● INPUT FOR THIS TASK
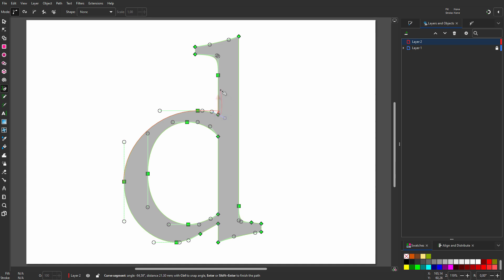To get a straight line, I need to remove the right arm. To remove the right arm, I press Shift plus L. I see I now have a straight line. Because I need the line to go up vertically, I press Ctrl. I click on the point above and still hold down Ctrl, to also get a vertical arm.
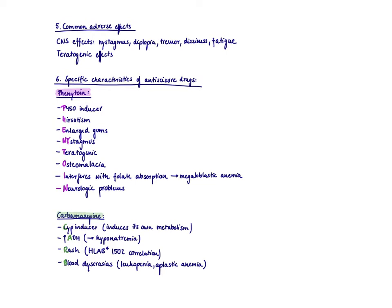The only exception is valproic acid, as this drug is associated with the most birth defects, so you would like to switch your patient to a different medication.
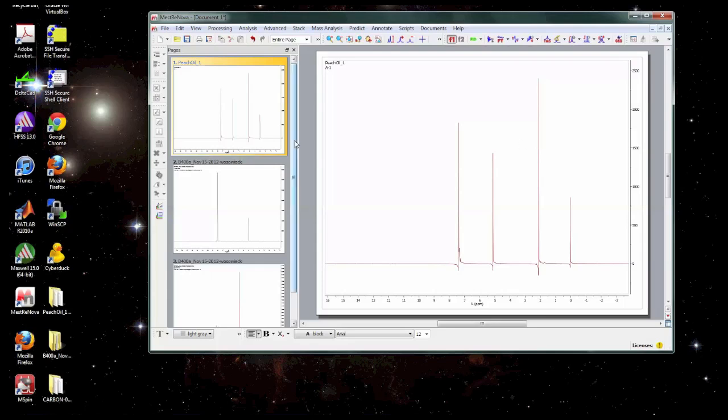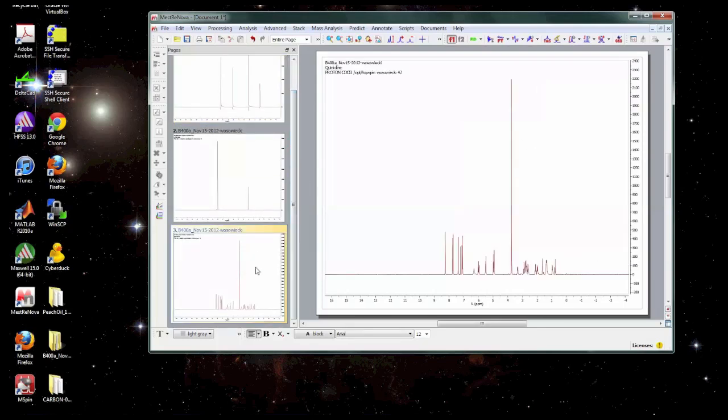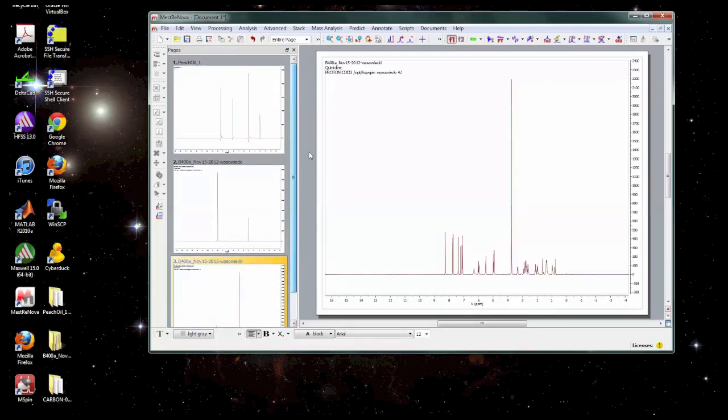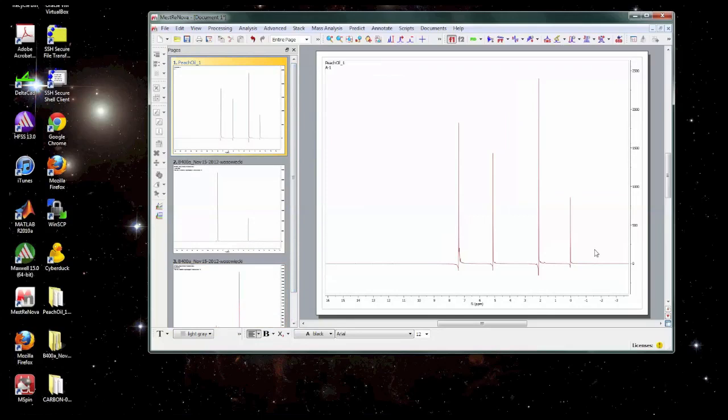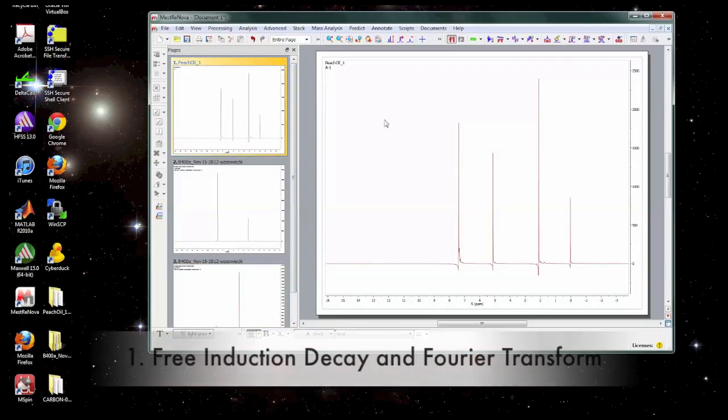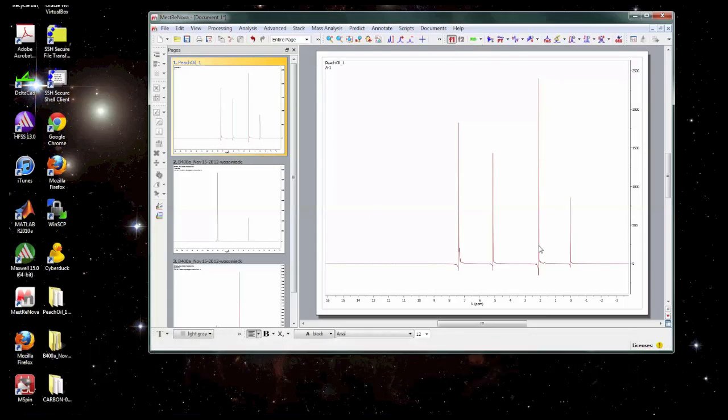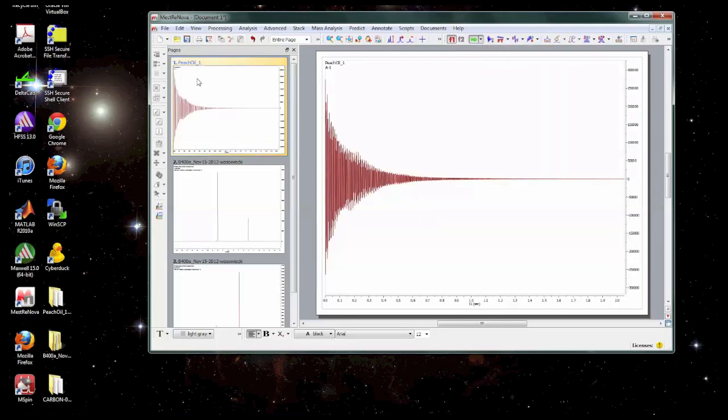So Mestronova has already Fourier transformed and autophased this dataset. In many cases this works well like on this spectrum it's fine but on this particular one it's not been phased very well automatically so we're going to have to fix that manually. But before we get to that I'm going to cover a few basics about how the data is collected just so you know what you're looking at.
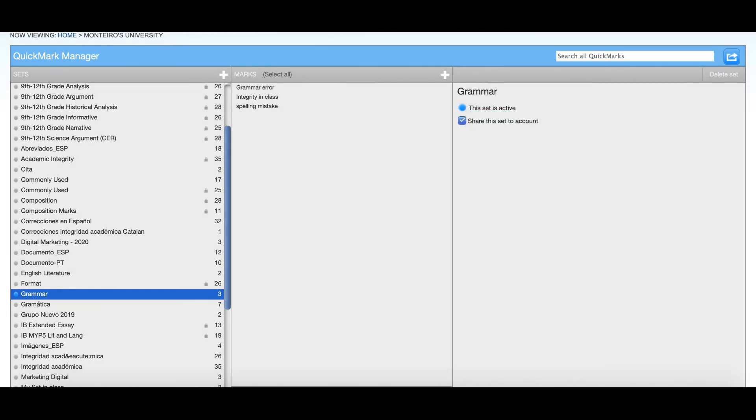Instructors will be able to access the set and use it and duplicate it if they want to change any information.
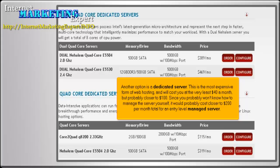Another option is a dedicated server. This is the most expensive form of web hosting and will cost you at the very least $40 a month, but probably closer to $100. Since you probably won't know how to manage the server yourself, it would probably cost closer to $200 per month total for an entry-level managed server.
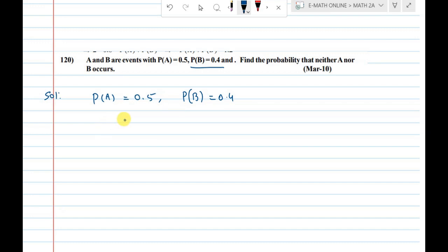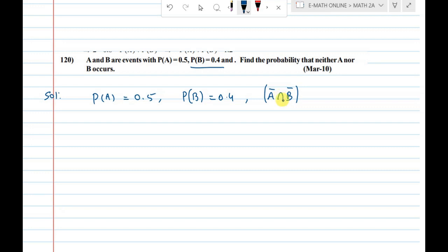Neither A nor B occurs means A-bar intersection B-bar. Two events are intersection. We consider A-bar and B-bar as the complemented events.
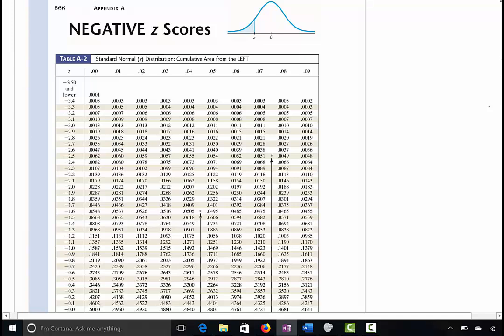Now let's look at a positive-negative z-table. Your class may not use the same table shown here, but you don't have to worry — all tables are very similar. You can download this table by clicking the links we provide for you.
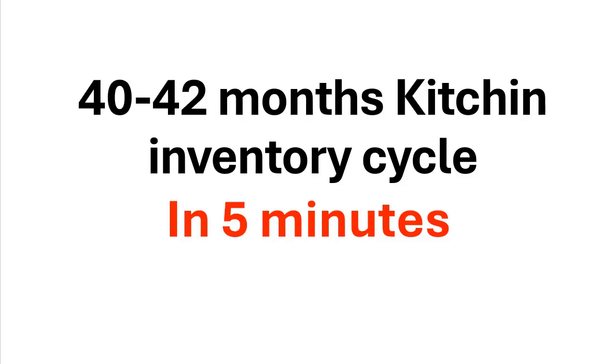Hello everybody. 40-42 months kitchen inventory cycles in 5 minutes. It will be a very short video. I will show you how to calculate this cycle with timing solution. Actually there are two variant cycles. I will show what parameters to vary and how to calculate predictable zones, because predictable zones sometimes don't coincide with projection lines. They work a little bit different.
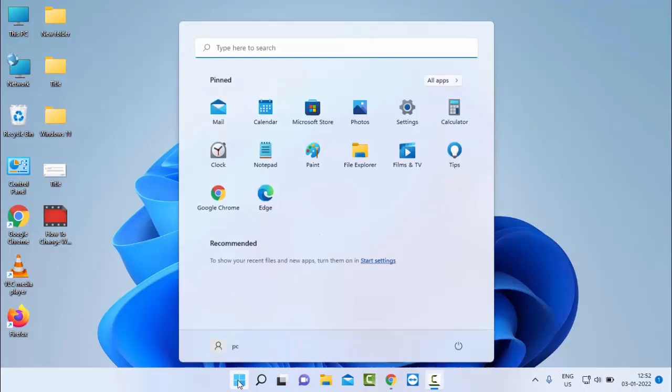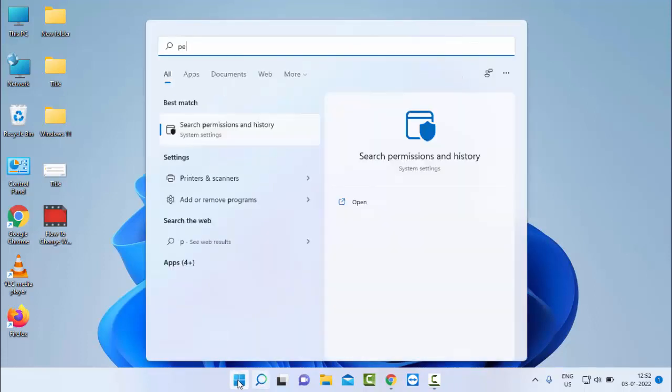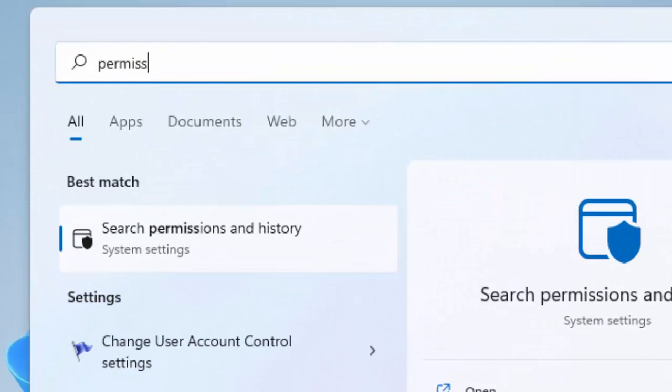First, go to Start and type 'permissions and history'. As you can see here, select this Search permissions and history option.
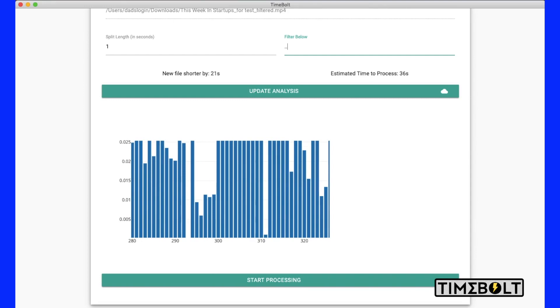So I would either keep it at 0.01 or 0.009. And then the split length is where you really save a lot of time. What I typically like to do is go between 0.25 and 0.5. This one I'm going to do 0.25.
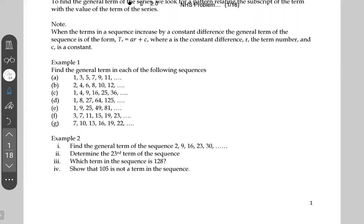Looking at example one, the general term tr is two r. Two times one is two, two times two is four, two times three is six, two times four is eight, two times five is ten, two times six is twelve.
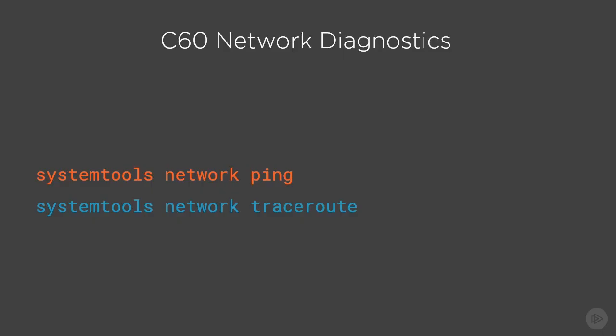There's a variety of C60 network diagnostic tools available. We can use the command systemtools network ping if we want to ping an IP address. We can also use the command systemtools network traceroute to trace a path to a destination. Each device that we go through that's available will respond to our traceroute.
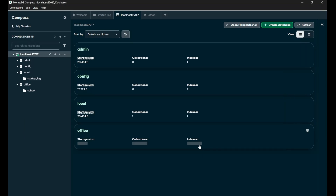Hey, hi everyone. In this particular video, we are going to learn about how we perform the CRUD operation in MongoDB Compass.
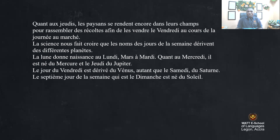Le septième jour de la semaine qui est le dimanche est né du soleil. The seventh day of the week, which is Sunday, is from the Sun.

● EXERCISE INSTRUCTIONS
Transcribe every entry word for word, excluding images.

● RESULT BELOW
To get a straight line, I need to remove the right arm. To remove the right arm, I press Shift plus L. I see I now have a straight line. Because I need the line to go up vertically, I press Ctrl. I click on the point above and still hold down Ctrl, to also get a vertical arm.
The only exception is valproic acid, as this drug is associated with the most birth defects, so you would like to switch your patient to a different medication.
So Mestronova has already Fourier transformed and autophased this dataset. In many cases this works well like on this spectrum it's fine but on this particular one it's not been phased very well automatically so we're going to have to fix that manually. But before we get to that I'm going to cover a few basics about how the data is collected just so you know what you're looking at.
Instructors will be able to access the set and use it and duplicate it if they want to change any information.
Another option is a dedicated server. This is the most expensive form of web hosting and will cost you at the very least $40 a month, but probably closer to $100. Since you probably won't know how to manage the server yourself, it would probably cost closer to $200 per month total for an entry-level managed server.
Neither A nor B occurs means A-bar intersection B-bar. Two events are intersection. We consider A-bar and B-bar as the complemented events.
Now let's look at a positive-negative z-table. Your class may not use the same table shown here, but you don't have to worry — all tables are very similar. You can download this table by clicking the links we provide for you.
Hello everybody. 40-42 months kitchen inventory cycles in 5 minutes. It will be a very short video. I will show you how to calculate this cycle with timing solution. Actually there are two variant cycles. I will show what parameters to vary and how to calculate predictable zones, because predictable zones sometimes don't coincide with projection lines. They work a little bit different.
First, go to Start and type 'permissions and history'. As you can see here, select this Search permissions and history option.
So I would either keep it at 0.01 or 0.009. And then the split length is where you really save a lot of time. What I typically like to do is go between 0.25 and 0.5. This one I'm going to do 0.25.
Looking at example one, the general term tr is two r. Two times one is two, two times two is four, two times three is six, two times four is eight, two times five is ten, two times six is twelve.
There's a variety of C60 network diagnostic tools available. We can use the command systemtools network ping if we want to ping an IP address. We can also use the command systemtools network traceroute to trace a path to a destination. Each device that we go through that's available will respond to our traceroute.
Hey, hi everyone. In this particular video, we are going to learn about how we perform the CRUD operation in MongoDB Compass.
Le septième jour de la semaine qui est le dimanche est né du soleil. The seventh day of the week, which is Sunday, is from the Sun.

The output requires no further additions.